- [Task requirements]: With pictures left out, output exactly the lines from the line holding "Scrub pants" through the end of the data, both included.

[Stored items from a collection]
<<<<
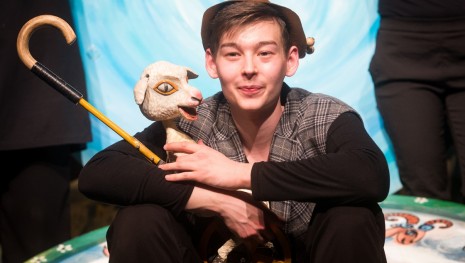 Kabóca színház - Az aranyszőrű bárány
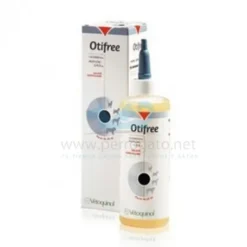 OTIFREE Limpiador Otico para perros y gatos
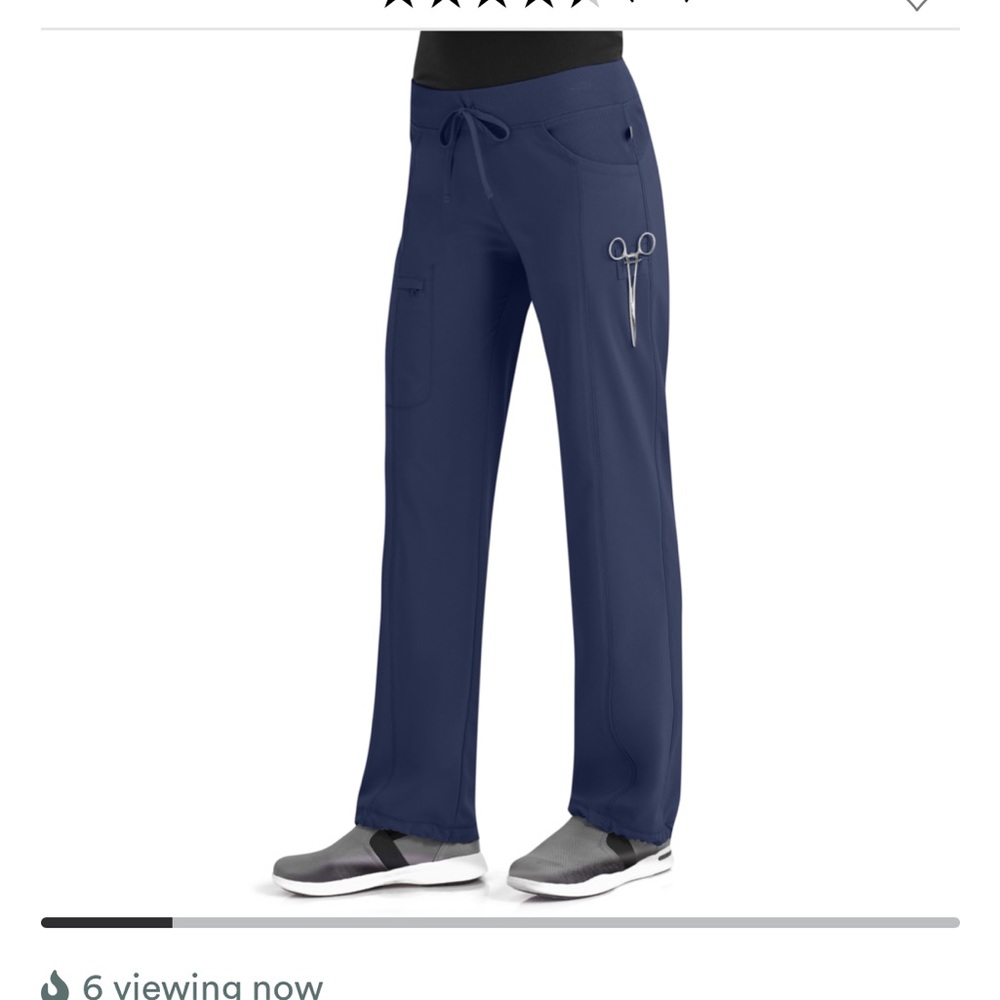 Scrub pants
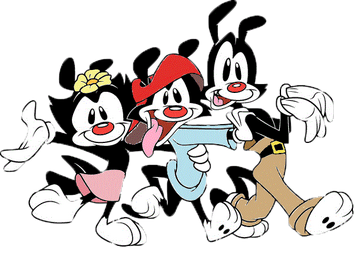 animaniacs ソーキーボトル Yakko Wakko Dot animaniacs ソーキーボトル Yakko Wakko 遣お Dot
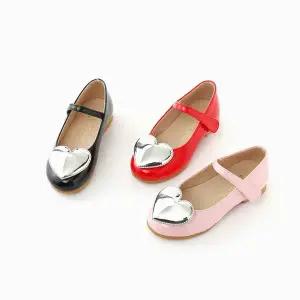 쁘띠 뉴하트 키즈 주니어 국산 정장 결혼식 여아구두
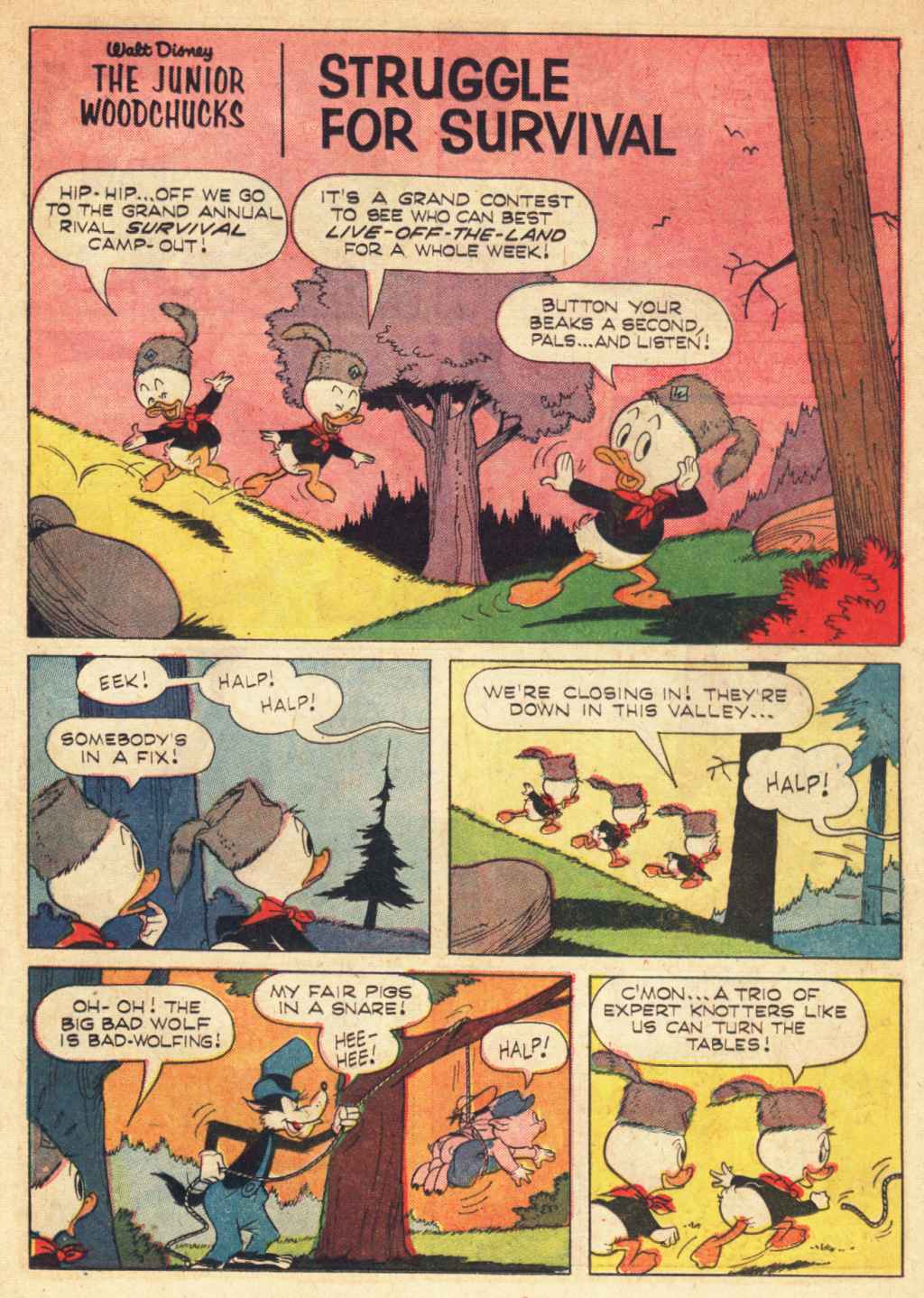 Read online Huey, Dewey, and Louie Junior Woodchucks comic -  Issue #2 - 13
>>>>
- [Response area]:
 Scrub pants
 animaniacs ソーキーボトル Yakko Wakko Dot animaniacs ソーキーボトル Yakko Wakko 遣お Dot
 쁘띠 뉴하트 키즈 주니어 국산 정장 결혼식 여아구두
 Read online Huey, Dewey, and Louie Junior Woodchucks comic -  Issue #2 - 13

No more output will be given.